Ron Baron, the chairman and CEO of Baron Capital Management.Baron Capital ManagementThe billionaire investor Ron Baron told CNBC that the Dow could surpass 900,000 in 50 years.
The veteran investor said persistent inflation could fuel economic growth.
He said higher prices could bring major stock gains but might make everything "twice as expensive."
The billionaire investor Ron Baron said stocks were in for major gains in the next half-century because of persistent inflation that would make everything "twice as expensive."
The Baron Capital CEO spoke with CNBC on Saturday about increasingly bearish sentiment in the market and investors fretting over a potential recession, higher interest rates, and geopolitical headwinds.
But those risks are irrelevant to the overall trajectory of the market, which has been moving upward for most of the past half-century, Baron said. Despite various wars, recessions, and pandemics spanning the past several decades, Baron estimated that stocks were 34 times their value in 1970. Economic growth also soared during that period, with GDP notching $26 trillion last quarter, up from $1 trillion in 1970.
Baron said economic growth in the US would continue to accelerate, blowing past 7% in the next 50 years.
"I expect inflation to be as it always has been, as it always has been in every single democracy that's ever existed, 4-5% year," Baron said. "That means you're going to have 35 times your money over the next 50 years.

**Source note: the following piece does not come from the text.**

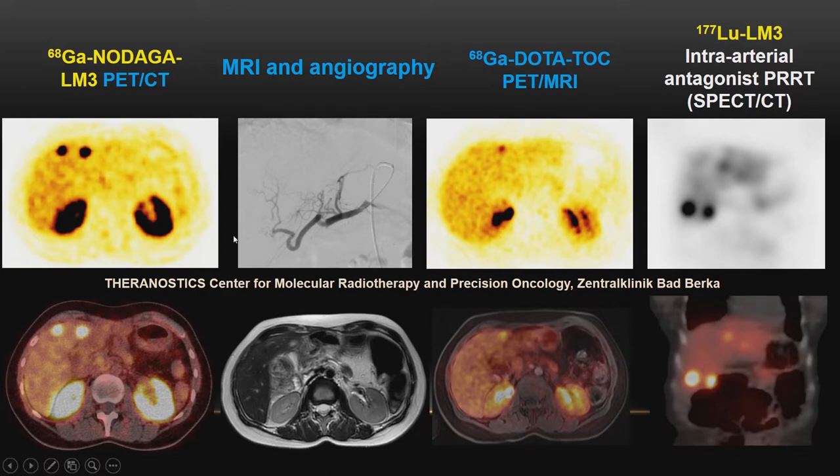Here is an example on the left: a patient imaged with NODAGA-LM3 PET showing very nice uptake in liver metastases; the same patient imaged about one week prior showing very weak uptake. This is the angiogram and the MRI. On the right side is the image under therapy — one can use Lutetium-177 as a very nice imaging agent, and I would strongly recommend doing that because you get a lot of information from the scan. These Lutetium scans are not an additional radiation burden for the patient and can also be used for follow-up after therapy.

That means that the Dow Jones, which is now 34,000, will be 900,000," he later added, assuming growth notched at least 7%.
Other experts have noted that elevated inflation could fuel stock gains, as higher prices lead to higher corporate earnings. On the flip side, it could lead to more pain for consumers:
"I think everything is going to be twice as expensive in 14, 15 years," Baron said. "Maybe it will go a little bit lower, but it's not going to stay lower," he said of inflation.
Prices clocked in at 4% in the May Consumer Price Index report, down from a 41-year-high in the middle of last year but still well above the Fed's 2% target. Officials have suggested interest rates could remain tight until the central bank gets a handle on inflation, though higher rates could weigh on asset prices.
Investors are pricing in a 72% chance the Fed will raise rates another 25 basis points at their July policy meeting, according to the CME FedWatch tool. That move would lift the Fed funds rate target range to 5.25-5.5%, the highest rate since 2007.